Karina é doutoranda em Geografia na área de Climatologia pela Universidade Federal do Rio Grande do Sul (UFRGS), mestre em Geografia com ênfase em análise ambiental e bacharel em Geografia pela mesma instituição e atua nas áreas de Climatologia e Meteorologia com pesquisas sobre tempestades, eventos extremos, desastres e mudanças climáticas. Ela também integra grupos de pesquisa sobre os impactos de eventos extremos na saúde humana e o projeto de extensão "O Que Você Faria Se Soubesse o Que Eu Sei?", que comunica sobre a crise climática e combate o negacionismo.
Atualmente você pesquisa tempestades, eventos extremos e desastres, além de fazer divulgação científica sobre mudanças climáticas. Poderia nos contar um pouco sobre o papel dos dados meteorológicos na compreensão das mudanças climáticas e seus impactos?
Tempo meteorológico é o estado das condições atmosféricas em um determinado momento e local, enquanto o clima descreve as condições típicas — sendo assim necessário grande quantidade de dados meteorológicos para saber como o clima costuma se comportar em uma região. Logo, o estudo das mudanças climáticas passa pela análise de muitos dados meteorológicos para que consigamos estabelecer o que mudou, as anomalias em relação a uma média do passado.
Quais são os principais desafios que você enfrenta ou já enfrentou na coleta e análise de dados para sua pesquisa? Os dados disponíveis hoje são suficientes e possuem a qualidade necessária para ter precisão nas pesquisas sobre mudanças climáticas?
Acho que depende muito da área de estudo mas, de forma geral, no Brasil os bancos de dados relacionados a clima são desconectados e, muitas vezes, insuficientes. O pesquisador brasileiro tem que ser criativo e, com bastante frequência, utilizar um tempo maior que o normal para conseguir fazer uma pesquisa.
Como identificar se há interferência do aquecimento global (e das mudanças climáticas já em curso) nos fenômenos meteorológicos que vivenciamos? E, neste caso, podemos relacionar essa ocorrência ao aquecimento provocado pelo excesso de CO2 injetado na atmosfera pela atividade humana?

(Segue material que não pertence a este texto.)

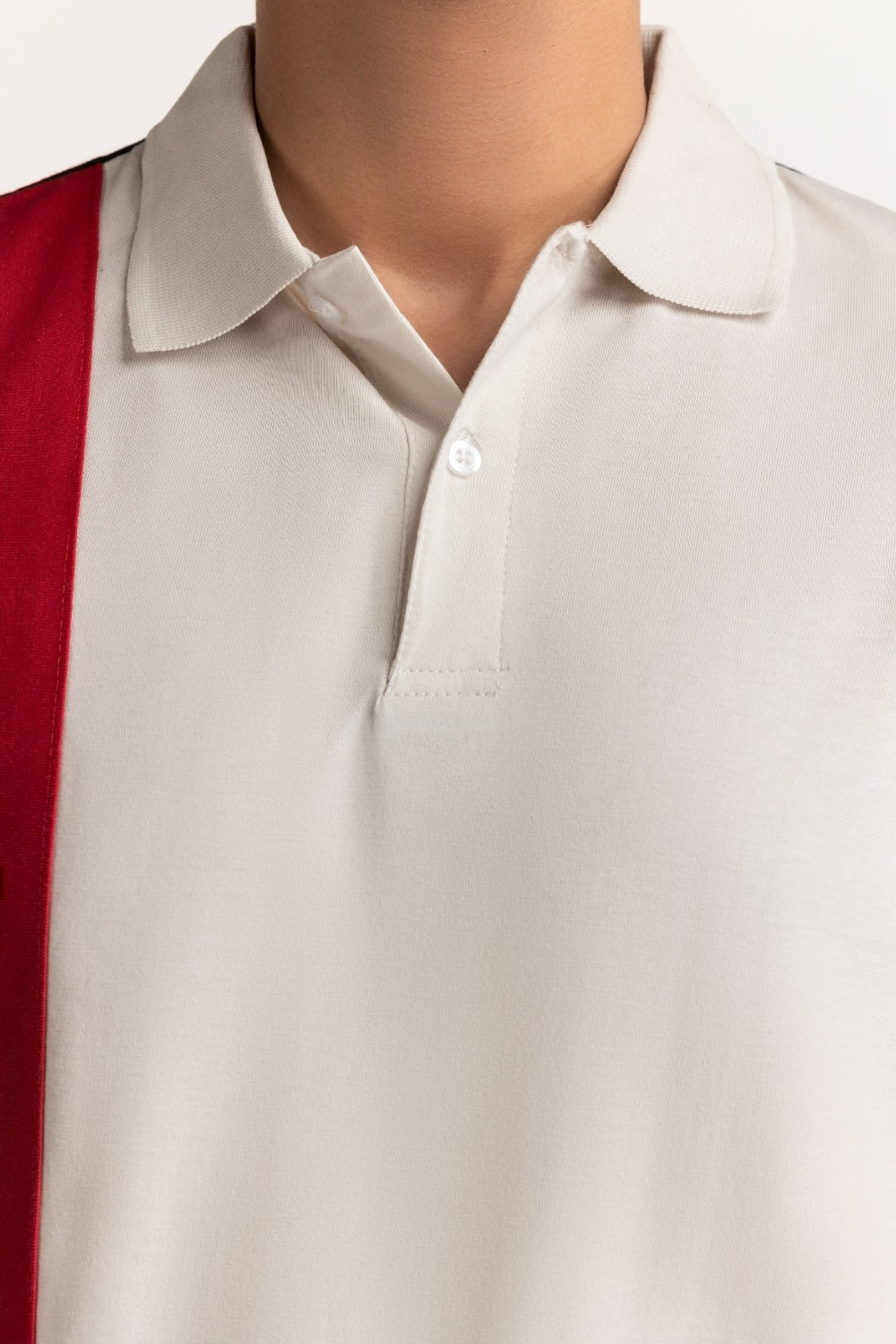 Polo Collar Shirt PS-FSHN24-303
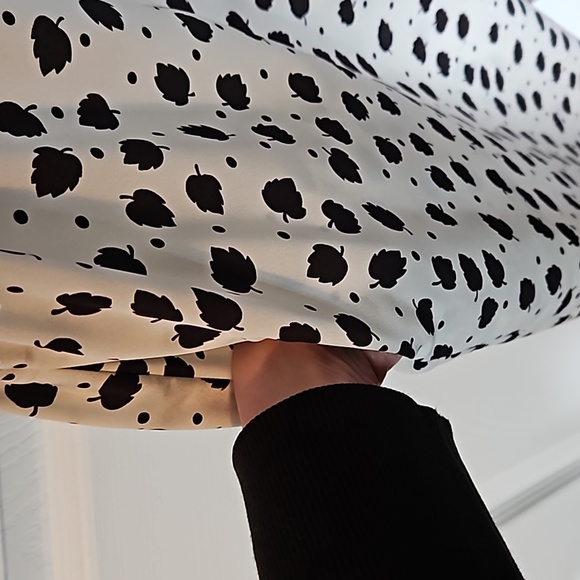 Vintage Albert Nipon back and white maxi dress - Picture 3 of 7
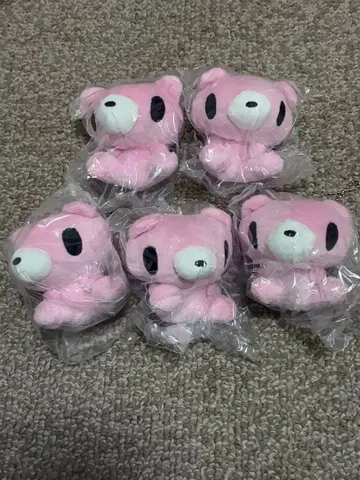 그루미 봉제 인형 키링 가챠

No nosso cenário atual, com o sistema mais quente devido às nossas emissões, portanto, com aquecimento da atmosfera, oceano e superfície terrestre, é muito difícil que fenômenos não sofram algum grau de influência. E para mensurar isso existem estudos de atribuição, que analisam o quanto as mudanças climáticas antropogênicas tornaram um determinado evento mais provável e/ou intenso. No caso do desastre de abril-maio/2023 no RS, um estudo de atribuição analisou duas janelas de eventos compreendendo todo o período com grande acumulado de chuva sobre o estado e concluiu que a influência humana tornou ambos os eventos extremos mais de 2x mais prováveis e entre 6%-9% mais intensos. Isso sem contar a contribuição humana sobre outros aspectos, como na redução de investimentos em prevenção, sistema de alertas falho, legislação ambiental não respeitada e falta de manutenção do sistema de proteção contra inundações em Porto Alegre.
Poderia nos contar um pouco sobre a sua pesquisa em climatologia, especialmente no que diz respeito a tempestades e eventos extremos? Além disso, como você vê a importância da divulgação científica na conscientização pública sobre as mudanças climáticas e seus impactos?

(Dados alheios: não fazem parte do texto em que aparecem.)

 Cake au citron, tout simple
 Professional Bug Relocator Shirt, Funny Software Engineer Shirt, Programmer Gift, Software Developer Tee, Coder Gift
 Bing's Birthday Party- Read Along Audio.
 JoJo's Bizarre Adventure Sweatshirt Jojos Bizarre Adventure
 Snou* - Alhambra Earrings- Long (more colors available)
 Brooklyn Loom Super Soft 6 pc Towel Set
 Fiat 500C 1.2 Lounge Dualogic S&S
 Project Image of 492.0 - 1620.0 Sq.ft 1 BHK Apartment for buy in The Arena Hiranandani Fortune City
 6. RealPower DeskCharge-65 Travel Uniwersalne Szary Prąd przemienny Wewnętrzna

Minha pesquisa é sobre eventos extremos de chuva e desastres. Acredito que seja uma área de grande importância porque precisamos de mais estudos para termos uma melhor previsibilidade para mesoescala, especialmente em um mundo mais quente e com modificação de padrões.

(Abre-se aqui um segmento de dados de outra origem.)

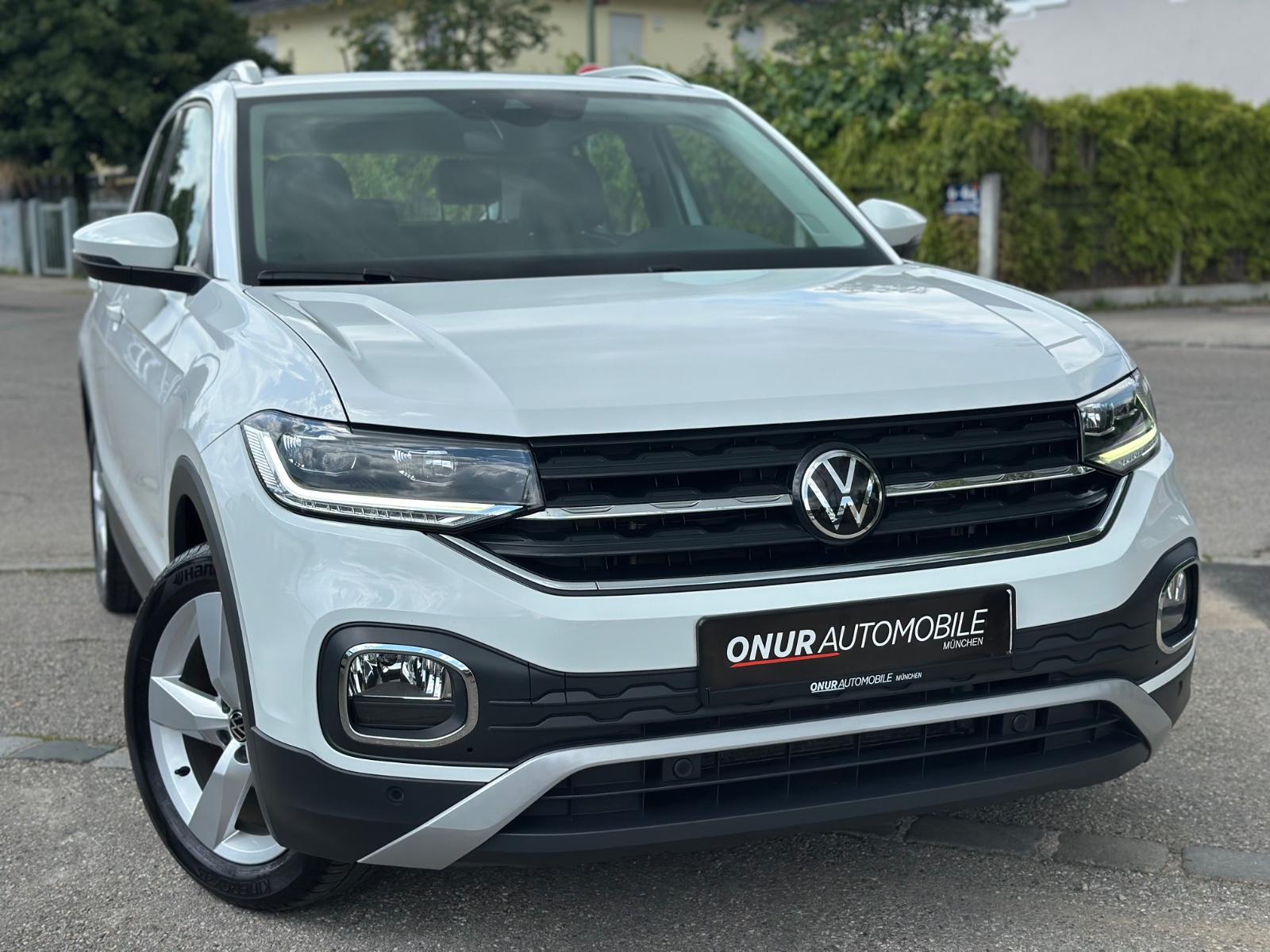 Volkswagen T-Cross Style Navi Klima PDC LED AppleCarPlay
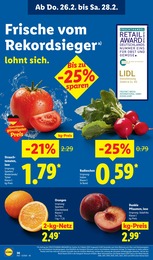 Lidl Radieschen im Prospekt Lidl Radieschen im Prospekt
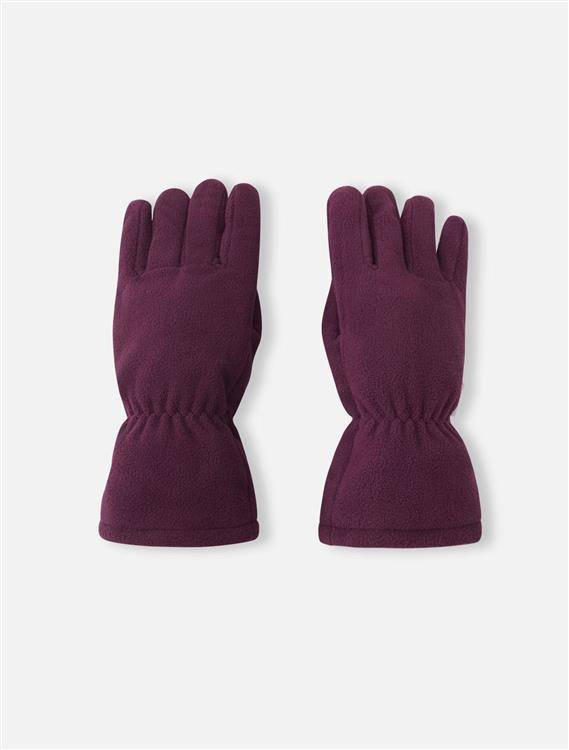 Fleece gloves, Varmin, Deep purple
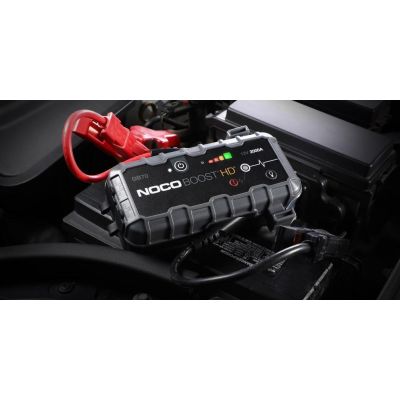 9. Noco GB70 Boost 12V 2000A Starthilfe-Powerbank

Assim como a pesquisa, a divulgação científica é essencial para que o conhecimento acadêmico seja democratizado e chegue a todos porque, a partir do momento que as pessoas têm acesso à informação de qualidade, elas tomam melhores decisões e transformam o mundo. Logo, vejo a divulgação científica sobre a crise climática como uma questão moral, pois é essencial que as pessoas entendam o que está acontecendo e saibam que só com grande adesão popular conseguiremos superar essa crise e garantir habitabilidade para nós, para as futuras gerações e para todas as outras espécies com as quais dividimos nosso lar comum, o planeta Terra.